++++ Supplied data

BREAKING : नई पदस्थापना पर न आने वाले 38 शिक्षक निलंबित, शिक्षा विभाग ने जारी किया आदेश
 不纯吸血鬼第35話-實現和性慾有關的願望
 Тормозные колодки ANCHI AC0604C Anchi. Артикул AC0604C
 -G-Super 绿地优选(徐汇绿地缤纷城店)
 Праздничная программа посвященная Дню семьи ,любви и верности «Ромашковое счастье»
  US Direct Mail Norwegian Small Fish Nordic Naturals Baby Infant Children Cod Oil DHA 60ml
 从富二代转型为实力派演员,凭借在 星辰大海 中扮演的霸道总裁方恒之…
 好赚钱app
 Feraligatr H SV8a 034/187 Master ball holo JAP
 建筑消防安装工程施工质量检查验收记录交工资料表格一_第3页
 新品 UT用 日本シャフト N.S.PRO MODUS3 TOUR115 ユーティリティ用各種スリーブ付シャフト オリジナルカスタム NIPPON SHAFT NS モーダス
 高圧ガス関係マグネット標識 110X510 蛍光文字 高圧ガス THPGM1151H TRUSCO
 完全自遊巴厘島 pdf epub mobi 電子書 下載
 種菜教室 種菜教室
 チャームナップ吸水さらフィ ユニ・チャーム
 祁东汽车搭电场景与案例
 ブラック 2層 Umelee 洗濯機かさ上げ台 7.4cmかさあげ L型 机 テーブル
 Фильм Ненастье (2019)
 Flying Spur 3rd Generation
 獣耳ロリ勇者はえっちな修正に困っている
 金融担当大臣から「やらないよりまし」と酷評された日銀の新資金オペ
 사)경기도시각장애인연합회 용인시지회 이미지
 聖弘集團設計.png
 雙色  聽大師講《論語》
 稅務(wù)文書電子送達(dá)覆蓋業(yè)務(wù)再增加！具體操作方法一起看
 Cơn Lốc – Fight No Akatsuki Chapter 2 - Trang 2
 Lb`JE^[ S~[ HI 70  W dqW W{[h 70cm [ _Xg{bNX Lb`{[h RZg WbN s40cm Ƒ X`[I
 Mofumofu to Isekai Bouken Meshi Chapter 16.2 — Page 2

++++++++

Print the records above exactly. Omit nothing.

• _Worked solution_
BREAKING : नई पदस्थापना पर न आने वाले 38 शिक्षक निलंबित, शिक्षा विभाग ने जारी किया आदेश
 不纯吸血鬼第35話-實現和性慾有關的願望
 Тормозные колодки ANCHI AC0604C Anchi. Артикул AC0604C
 -G-Super 绿地优选(徐汇绿地缤纷城店)
 Праздничная программа посвященная Дню семьи ,любви и верности «Ромашковое счастье»
  US Direct Mail Norwegian Small Fish Nordic Naturals Baby Infant Children Cod Oil DHA 60ml
 从富二代转型为实力派演员,凭借在 星辰大海 中扮演的霸道总裁方恒之…
 好赚钱app
 Feraligatr H SV8a 034/187 Master ball holo JAP
 建筑消防安装工程施工质量检查验收记录交工资料表格一_第3页
 新品 UT用 日本シャフト N.S.PRO MODUS3 TOUR115 ユーティリティ用各種スリーブ付シャフト オリジナルカスタム NIPPON SHAFT NS モーダス
 高圧ガス関係マグネット標識 110X510 蛍光文字 高圧ガス THPGM1151H TRUSCO
 完全自遊巴厘島 pdf epub mobi 電子書 下載
 種菜教室 種菜教室
 チャームナップ吸水さらフィ ユニ・チャーム
 祁东汽车搭电场景与案例
 ブラック 2層 Umelee 洗濯機かさ上げ台 7.4cmかさあげ L型 机 テーブル
 Фильм Ненастье (2019)
 Flying Spur 3rd Generation
 獣耳ロリ勇者はえっちな修正に困っている
 金融担当大臣から「やらないよりまし」と酷評された日銀の新資金オペ
 사)경기도시각장애인연합회 용인시지회 이미지
 聖弘集團設計.png
 雙色  聽大師講《論語》
 稅務(wù)文書電子送達(dá)覆蓋業(yè)務(wù)再增加！具體操作方法一起看
 Cơn Lốc – Fight No Akatsuki Chapter 2 - Trang 2
 Lb`JE^[ S~[ HI 70  W dqW W{[h 70cm [ _Xg{bNX Lb`{[h RZg WbN s40cm Ƒ X`[I
 Mofumofu to Isekai Bouken Meshi Chapter 16.2 — Page 2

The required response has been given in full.